[Start of section]

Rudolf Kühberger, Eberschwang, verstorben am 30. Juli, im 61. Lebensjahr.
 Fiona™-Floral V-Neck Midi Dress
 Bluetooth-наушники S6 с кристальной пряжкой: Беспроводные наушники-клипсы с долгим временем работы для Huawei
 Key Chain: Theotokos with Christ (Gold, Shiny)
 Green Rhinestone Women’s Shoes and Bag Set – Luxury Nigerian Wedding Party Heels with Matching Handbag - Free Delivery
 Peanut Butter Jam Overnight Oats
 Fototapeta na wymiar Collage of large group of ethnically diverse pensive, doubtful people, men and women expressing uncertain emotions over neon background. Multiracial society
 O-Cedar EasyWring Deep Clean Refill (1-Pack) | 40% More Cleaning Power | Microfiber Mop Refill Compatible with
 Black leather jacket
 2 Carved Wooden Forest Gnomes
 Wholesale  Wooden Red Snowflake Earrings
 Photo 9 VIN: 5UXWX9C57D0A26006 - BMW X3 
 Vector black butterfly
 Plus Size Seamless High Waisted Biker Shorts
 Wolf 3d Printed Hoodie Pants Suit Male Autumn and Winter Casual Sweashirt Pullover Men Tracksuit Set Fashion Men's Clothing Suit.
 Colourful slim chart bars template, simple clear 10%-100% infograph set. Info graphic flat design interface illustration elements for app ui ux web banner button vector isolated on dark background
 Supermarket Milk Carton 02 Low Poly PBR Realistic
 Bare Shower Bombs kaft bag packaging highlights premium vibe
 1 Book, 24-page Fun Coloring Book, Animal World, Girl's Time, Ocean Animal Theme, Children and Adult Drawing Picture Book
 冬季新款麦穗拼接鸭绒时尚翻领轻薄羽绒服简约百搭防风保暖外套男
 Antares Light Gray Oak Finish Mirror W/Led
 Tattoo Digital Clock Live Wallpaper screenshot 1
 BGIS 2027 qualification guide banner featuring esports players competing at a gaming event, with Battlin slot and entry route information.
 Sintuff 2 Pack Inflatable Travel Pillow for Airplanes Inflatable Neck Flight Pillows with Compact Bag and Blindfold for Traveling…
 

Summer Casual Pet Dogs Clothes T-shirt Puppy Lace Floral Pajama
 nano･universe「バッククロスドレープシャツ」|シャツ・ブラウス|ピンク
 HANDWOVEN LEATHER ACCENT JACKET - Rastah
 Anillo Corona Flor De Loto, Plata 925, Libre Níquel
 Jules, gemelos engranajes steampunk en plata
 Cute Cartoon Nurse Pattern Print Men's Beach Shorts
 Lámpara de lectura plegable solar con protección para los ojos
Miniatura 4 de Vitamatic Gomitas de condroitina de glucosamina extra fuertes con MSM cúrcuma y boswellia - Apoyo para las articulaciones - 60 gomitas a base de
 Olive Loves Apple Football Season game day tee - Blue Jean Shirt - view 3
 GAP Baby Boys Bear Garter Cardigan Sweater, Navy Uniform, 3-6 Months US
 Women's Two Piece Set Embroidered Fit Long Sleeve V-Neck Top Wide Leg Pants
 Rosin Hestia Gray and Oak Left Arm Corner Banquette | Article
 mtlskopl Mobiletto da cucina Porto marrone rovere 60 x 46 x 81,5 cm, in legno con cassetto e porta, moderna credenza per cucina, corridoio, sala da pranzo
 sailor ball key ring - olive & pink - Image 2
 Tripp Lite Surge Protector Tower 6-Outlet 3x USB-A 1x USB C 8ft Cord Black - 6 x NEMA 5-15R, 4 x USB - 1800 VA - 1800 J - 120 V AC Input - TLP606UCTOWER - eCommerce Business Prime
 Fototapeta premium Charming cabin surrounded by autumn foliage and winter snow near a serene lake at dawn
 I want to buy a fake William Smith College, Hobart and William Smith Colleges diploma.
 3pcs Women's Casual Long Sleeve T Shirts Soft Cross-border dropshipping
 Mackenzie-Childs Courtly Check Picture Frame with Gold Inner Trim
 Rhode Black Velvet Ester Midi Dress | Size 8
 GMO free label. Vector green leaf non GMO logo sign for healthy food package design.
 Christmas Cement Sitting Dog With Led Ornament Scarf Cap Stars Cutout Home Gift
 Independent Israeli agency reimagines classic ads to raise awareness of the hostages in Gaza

[End of section]

**Try it**:
Once you reach the line with "I want to buy" in the data above, copy it and every line after it exactly, up to and including the line with "Rhode Black Velvet Ester Midi Dress | Size 8".

**Written reply**:
 I want to buy a fake William Smith College, Hobart and William Smith Colleges diploma.
 3pcs Women's Casual Long Sleeve T Shirts Soft Cross-border dropshipping
 Mackenzie-Childs Courtly Check Picture Frame with Gold Inner Trim
 Rhode Black Velvet Ester Midi Dress | Size 8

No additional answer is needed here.